What should be copied is the stretch of entries below from the line with "2.7m 3.0m 3.6m" up to and including the line with "期货放量后回撤(期货放量后回撤什么意思)", exactly and without images.

- [Provided information]:

..........

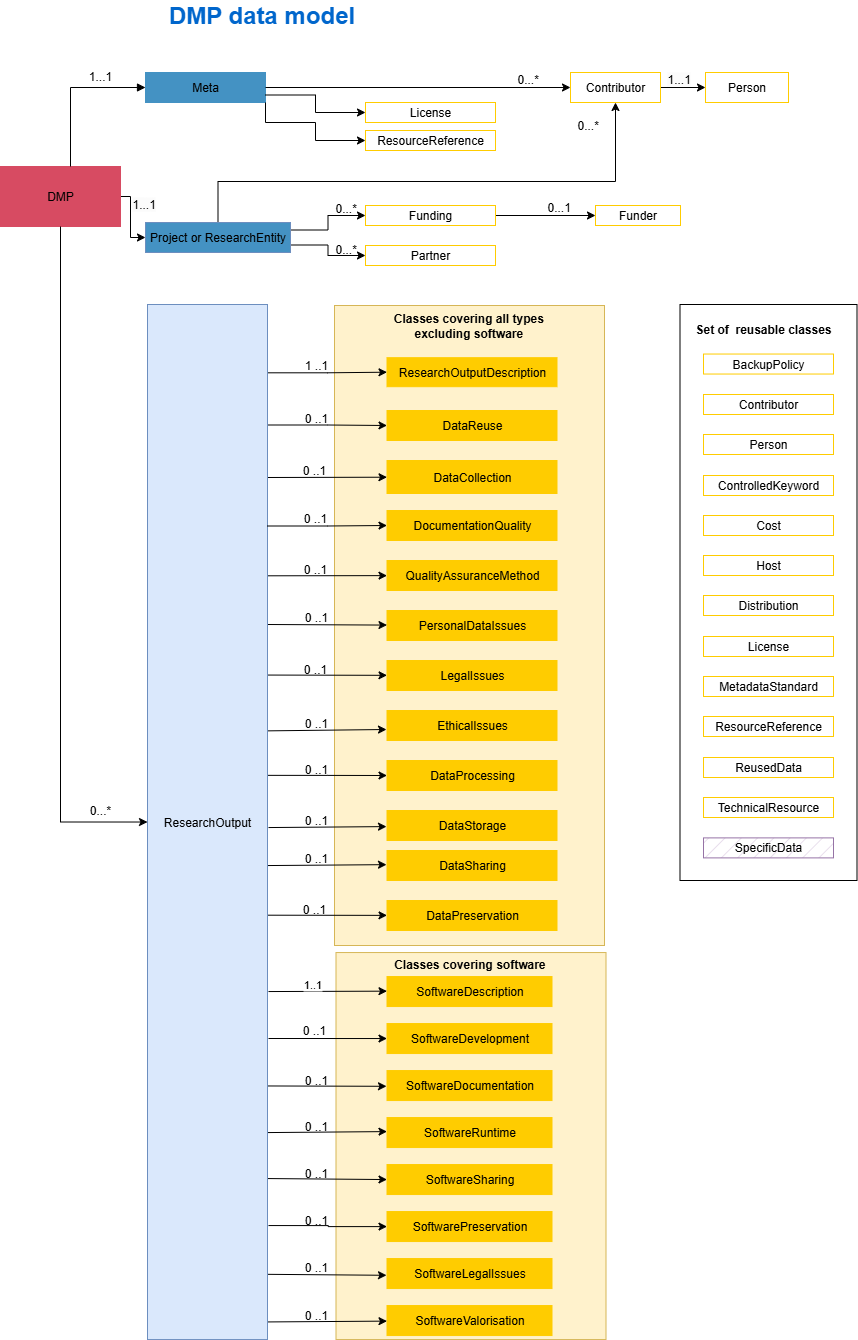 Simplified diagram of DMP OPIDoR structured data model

..........

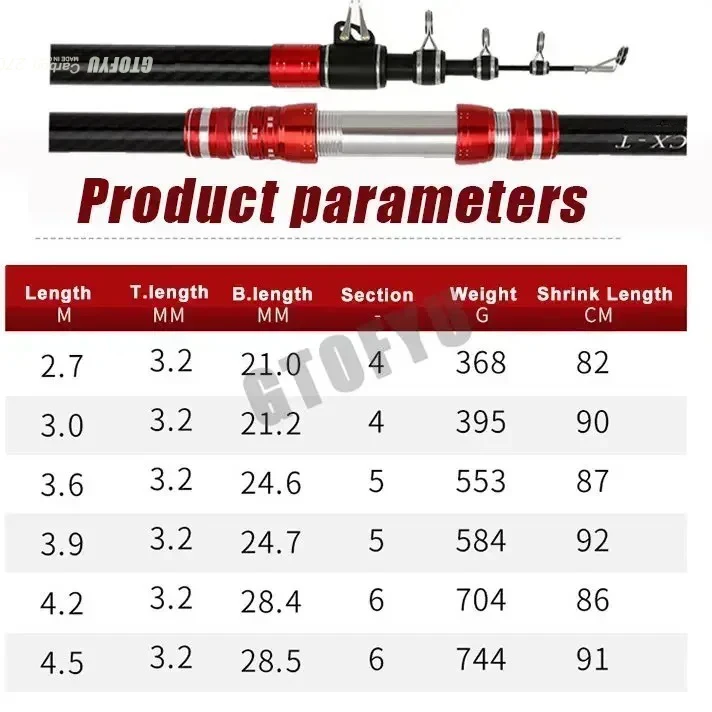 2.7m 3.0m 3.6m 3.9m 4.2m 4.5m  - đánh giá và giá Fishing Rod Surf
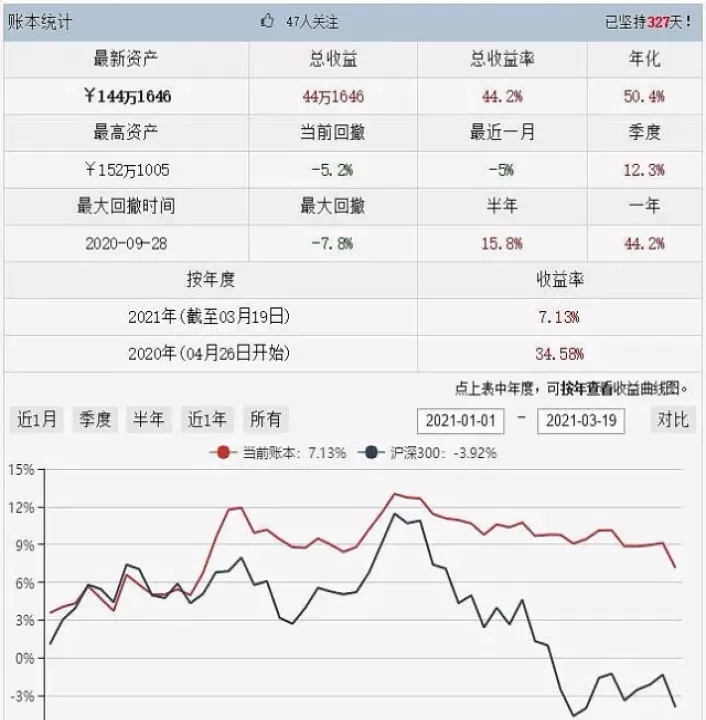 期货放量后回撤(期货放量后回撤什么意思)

..........

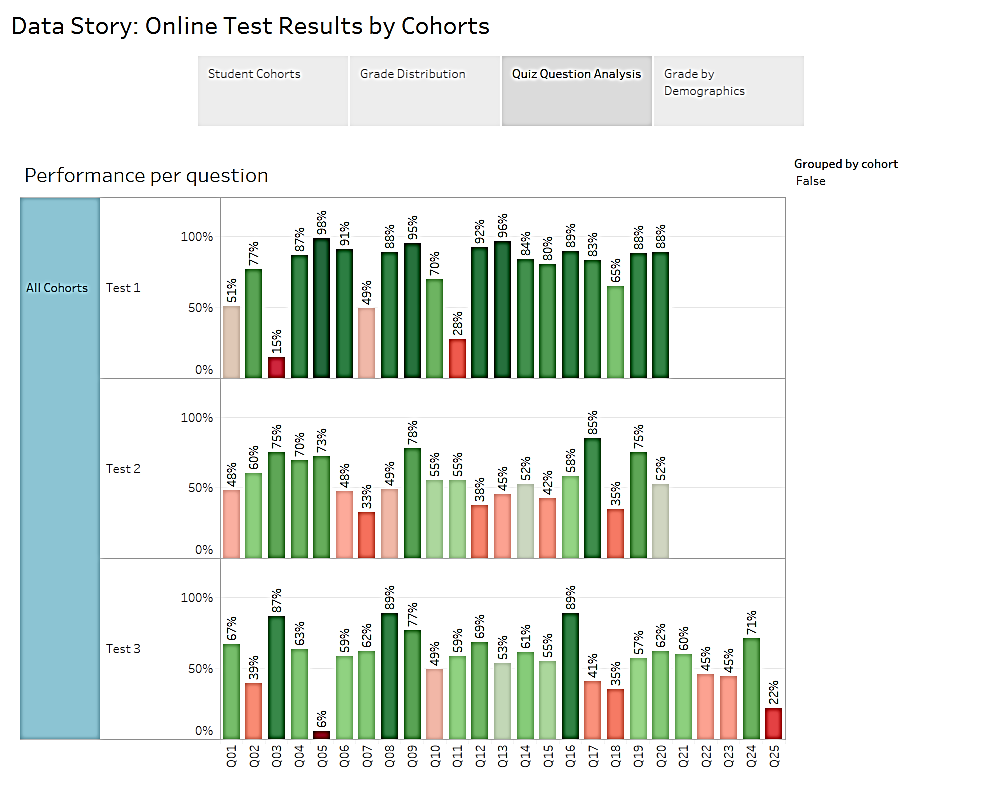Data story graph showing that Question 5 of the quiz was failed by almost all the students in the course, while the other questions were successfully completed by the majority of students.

..........

- [Answer to the exercise]:
 2.7m 3.0m 3.6m 3.9m 4.2m 4.5m  - đánh giá và giá Fishing Rod Surf
 期货放量后回撤(期货放量后回撤什么意思)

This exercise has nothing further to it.